──────── SUPPLIED RECORDS ────────

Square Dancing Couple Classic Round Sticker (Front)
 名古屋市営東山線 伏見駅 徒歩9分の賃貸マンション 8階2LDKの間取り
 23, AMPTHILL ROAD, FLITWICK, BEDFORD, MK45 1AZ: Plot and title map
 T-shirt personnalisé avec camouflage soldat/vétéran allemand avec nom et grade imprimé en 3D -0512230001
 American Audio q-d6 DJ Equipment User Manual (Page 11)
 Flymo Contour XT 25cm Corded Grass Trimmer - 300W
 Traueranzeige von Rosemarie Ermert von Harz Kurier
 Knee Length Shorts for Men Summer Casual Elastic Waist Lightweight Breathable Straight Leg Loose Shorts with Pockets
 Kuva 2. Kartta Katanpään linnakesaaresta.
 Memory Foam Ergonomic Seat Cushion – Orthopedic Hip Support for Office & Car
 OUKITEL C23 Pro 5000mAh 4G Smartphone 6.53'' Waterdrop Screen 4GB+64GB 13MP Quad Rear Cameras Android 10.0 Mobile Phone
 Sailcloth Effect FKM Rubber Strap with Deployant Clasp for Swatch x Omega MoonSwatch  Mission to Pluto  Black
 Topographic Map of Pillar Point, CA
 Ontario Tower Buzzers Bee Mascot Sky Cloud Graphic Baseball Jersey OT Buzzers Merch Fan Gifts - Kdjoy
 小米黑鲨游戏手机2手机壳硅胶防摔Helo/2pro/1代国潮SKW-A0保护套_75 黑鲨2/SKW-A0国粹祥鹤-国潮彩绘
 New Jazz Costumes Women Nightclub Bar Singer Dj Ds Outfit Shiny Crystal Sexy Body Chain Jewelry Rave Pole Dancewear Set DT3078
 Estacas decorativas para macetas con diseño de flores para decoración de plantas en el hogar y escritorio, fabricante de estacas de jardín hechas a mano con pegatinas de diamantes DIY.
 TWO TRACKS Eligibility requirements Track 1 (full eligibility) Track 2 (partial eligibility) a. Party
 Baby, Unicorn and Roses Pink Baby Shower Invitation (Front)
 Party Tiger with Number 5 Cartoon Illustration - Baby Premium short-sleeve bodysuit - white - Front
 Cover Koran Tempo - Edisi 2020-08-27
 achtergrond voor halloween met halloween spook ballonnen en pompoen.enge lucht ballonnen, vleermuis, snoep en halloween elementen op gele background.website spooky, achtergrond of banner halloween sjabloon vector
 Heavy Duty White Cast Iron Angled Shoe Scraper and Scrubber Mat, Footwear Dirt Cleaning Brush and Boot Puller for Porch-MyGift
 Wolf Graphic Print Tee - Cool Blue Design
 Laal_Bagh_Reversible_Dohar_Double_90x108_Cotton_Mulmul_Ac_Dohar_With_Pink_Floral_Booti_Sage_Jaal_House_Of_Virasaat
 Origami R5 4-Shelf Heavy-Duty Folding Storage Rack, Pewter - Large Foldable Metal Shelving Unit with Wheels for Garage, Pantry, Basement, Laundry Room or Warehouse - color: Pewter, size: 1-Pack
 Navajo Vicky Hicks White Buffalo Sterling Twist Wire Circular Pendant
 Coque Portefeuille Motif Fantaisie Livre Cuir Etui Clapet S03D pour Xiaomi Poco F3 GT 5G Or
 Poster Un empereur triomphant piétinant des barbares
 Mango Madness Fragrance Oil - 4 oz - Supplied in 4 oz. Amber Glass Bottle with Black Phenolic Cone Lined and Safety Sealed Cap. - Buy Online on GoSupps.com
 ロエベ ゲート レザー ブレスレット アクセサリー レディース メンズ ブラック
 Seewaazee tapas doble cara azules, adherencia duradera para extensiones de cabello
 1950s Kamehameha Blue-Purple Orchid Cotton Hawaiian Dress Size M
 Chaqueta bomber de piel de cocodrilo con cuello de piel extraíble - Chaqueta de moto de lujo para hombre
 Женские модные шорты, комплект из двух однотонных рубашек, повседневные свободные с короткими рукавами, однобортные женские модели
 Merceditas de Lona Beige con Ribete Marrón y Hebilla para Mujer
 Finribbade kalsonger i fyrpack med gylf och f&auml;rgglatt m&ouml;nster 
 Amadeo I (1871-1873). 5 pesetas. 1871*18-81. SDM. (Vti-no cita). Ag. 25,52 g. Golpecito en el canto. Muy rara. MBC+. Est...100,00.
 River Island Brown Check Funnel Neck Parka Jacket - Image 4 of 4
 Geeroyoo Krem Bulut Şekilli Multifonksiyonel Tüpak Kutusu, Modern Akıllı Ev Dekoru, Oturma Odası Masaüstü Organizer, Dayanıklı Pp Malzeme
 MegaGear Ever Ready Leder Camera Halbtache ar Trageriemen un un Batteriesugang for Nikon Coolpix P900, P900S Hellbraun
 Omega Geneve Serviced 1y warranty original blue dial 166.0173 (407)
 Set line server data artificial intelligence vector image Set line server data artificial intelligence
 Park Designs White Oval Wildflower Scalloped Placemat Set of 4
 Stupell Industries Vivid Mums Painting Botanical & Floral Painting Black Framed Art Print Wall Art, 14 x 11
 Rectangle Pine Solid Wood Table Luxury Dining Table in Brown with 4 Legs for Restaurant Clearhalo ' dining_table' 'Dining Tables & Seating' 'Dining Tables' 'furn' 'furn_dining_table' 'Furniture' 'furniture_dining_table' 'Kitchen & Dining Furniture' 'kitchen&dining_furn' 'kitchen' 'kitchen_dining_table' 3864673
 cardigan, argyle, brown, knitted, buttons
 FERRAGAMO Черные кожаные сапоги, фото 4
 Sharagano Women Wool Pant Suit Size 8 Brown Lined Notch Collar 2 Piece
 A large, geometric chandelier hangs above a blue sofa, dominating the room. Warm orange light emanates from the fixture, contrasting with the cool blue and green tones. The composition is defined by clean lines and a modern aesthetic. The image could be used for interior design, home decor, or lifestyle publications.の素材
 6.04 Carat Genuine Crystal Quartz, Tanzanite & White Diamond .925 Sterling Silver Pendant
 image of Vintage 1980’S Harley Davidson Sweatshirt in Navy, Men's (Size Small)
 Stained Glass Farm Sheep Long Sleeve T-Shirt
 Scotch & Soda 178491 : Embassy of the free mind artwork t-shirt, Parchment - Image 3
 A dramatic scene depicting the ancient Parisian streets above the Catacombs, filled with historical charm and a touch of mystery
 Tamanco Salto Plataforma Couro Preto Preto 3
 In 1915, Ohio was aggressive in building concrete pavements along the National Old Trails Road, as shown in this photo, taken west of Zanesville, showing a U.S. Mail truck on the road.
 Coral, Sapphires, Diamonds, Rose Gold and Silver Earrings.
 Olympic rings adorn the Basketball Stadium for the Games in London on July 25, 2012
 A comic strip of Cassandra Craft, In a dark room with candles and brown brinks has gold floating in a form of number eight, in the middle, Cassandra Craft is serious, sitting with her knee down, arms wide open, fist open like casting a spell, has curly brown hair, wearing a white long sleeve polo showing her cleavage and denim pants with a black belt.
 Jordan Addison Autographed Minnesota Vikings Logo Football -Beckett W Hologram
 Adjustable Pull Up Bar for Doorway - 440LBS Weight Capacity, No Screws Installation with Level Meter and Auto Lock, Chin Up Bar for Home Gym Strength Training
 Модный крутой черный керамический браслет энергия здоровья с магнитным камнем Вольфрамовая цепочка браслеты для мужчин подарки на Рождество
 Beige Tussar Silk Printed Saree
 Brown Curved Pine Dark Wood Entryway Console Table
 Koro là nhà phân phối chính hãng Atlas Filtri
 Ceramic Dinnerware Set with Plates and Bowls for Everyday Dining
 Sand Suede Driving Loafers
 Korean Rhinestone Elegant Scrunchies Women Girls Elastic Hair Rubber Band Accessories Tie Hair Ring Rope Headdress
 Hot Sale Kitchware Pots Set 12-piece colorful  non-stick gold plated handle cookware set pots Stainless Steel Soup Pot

────────

In the listing above, locate the line with "Kuva 2. Kartta Katanpään linnakesaaresta." and the line with "Estacas decorativas para", then extract exactly those lines and every line between them, and nothing more.

 Kuva 2. Kartta Katanpään linnakesaaresta.
 Memory Foam Ergonomic Seat Cushion – Orthopedic Hip Support for Office & Car
 OUKITEL C23 Pro 5000mAh 4G Smartphone 6.53'' Waterdrop Screen 4GB+64GB 13MP Quad Rear Cameras Android 10.0 Mobile Phone
 Sailcloth Effect FKM Rubber Strap with Deployant Clasp for Swatch x Omega MoonSwatch  Mission to Pluto  Black
 Topographic Map of Pillar Point, CA
 Ontario Tower Buzzers Bee Mascot Sky Cloud Graphic Baseball Jersey OT Buzzers Merch Fan Gifts - Kdjoy
 小米黑鲨游戏手机2手机壳硅胶防摔Helo/2pro/1代国潮SKW-A0保护套_75 黑鲨2/SKW-A0国粹祥鹤-国潮彩绘
 New Jazz Costumes Women Nightclub Bar Singer Dj Ds Outfit Shiny Crystal Sexy Body Chain Jewelry Rave Pole Dancewear Set DT3078
 Estacas decorativas para macetas con diseño de flores para decoración de plantas en el hogar y escritorio, fabricante de estacas de jardín hechas a mano con pegatinas de diamantes DIY.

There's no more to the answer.